Short web captions:
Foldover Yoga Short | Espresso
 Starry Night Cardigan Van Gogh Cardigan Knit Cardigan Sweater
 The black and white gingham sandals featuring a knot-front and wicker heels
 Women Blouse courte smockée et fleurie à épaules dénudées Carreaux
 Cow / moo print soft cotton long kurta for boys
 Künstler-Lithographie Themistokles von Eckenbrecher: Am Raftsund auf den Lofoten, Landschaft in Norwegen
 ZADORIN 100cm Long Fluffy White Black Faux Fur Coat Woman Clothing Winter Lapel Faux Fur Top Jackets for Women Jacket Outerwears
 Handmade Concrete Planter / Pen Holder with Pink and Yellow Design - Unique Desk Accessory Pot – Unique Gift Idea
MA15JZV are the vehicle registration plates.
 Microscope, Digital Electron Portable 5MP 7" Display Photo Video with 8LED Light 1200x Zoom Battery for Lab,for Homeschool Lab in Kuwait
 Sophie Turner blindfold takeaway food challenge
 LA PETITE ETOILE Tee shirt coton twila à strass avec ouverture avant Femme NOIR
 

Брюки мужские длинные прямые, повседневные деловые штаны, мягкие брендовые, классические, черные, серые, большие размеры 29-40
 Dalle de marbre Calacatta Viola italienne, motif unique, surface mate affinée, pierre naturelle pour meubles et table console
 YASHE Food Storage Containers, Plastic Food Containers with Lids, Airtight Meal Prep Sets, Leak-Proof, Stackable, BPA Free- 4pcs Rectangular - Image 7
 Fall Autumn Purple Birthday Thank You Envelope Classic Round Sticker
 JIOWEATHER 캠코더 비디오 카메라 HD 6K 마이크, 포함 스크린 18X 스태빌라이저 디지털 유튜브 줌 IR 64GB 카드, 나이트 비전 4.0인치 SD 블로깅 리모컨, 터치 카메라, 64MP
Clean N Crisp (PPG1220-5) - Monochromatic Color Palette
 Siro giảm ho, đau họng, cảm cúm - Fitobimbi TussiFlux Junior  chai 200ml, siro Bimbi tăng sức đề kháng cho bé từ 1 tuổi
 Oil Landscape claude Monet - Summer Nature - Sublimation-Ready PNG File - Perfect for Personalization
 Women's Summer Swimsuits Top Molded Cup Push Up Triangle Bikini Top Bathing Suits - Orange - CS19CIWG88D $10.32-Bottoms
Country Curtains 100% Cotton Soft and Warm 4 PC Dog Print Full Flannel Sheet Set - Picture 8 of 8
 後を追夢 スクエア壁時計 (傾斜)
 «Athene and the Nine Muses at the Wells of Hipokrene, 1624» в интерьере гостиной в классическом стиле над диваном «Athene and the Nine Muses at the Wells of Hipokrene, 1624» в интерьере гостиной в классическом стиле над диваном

§ **Prompt**:
Using the entries above, copy exactly the lines from the one containing "JIOWEATHER 캠코더 비디오" through the last, both included.

§ **The completed task**:
 JIOWEATHER 캠코더 비디오 카메라 HD 6K 마이크, 포함 스크린 18X 스태빌라이저 디지털 유튜브 줌 IR 64GB 카드, 나이트 비전 4.0인치 SD 블로깅 리모컨, 터치 카메라, 64MP
Clean N Crisp (PPG1220-5) - Monochromatic Color Palette
 Siro giảm ho, đau họng, cảm cúm - Fitobimbi TussiFlux Junior  chai 200ml, siro Bimbi tăng sức đề kháng cho bé từ 1 tuổi
 Oil Landscape claude Monet - Summer Nature - Sublimation-Ready PNG File - Perfect for Personalization
 Women's Summer Swimsuits Top Molded Cup Push Up Triangle Bikini Top Bathing Suits - Orange - CS19CIWG88D $10.32-Bottoms
Country Curtains 100% Cotton Soft and Warm 4 PC Dog Print Full Flannel Sheet Set - Picture 8 of 8
 後を追夢 スクエア壁時計 (傾斜)
 «Athene and the Nine Muses at the Wells of Hipokrene, 1624» в интерьере гостиной в классическом стиле над диваном «Athene and the Nine Muses at the Wells of Hipokrene, 1624» в интерьере гостиной в классическом стиле над диваном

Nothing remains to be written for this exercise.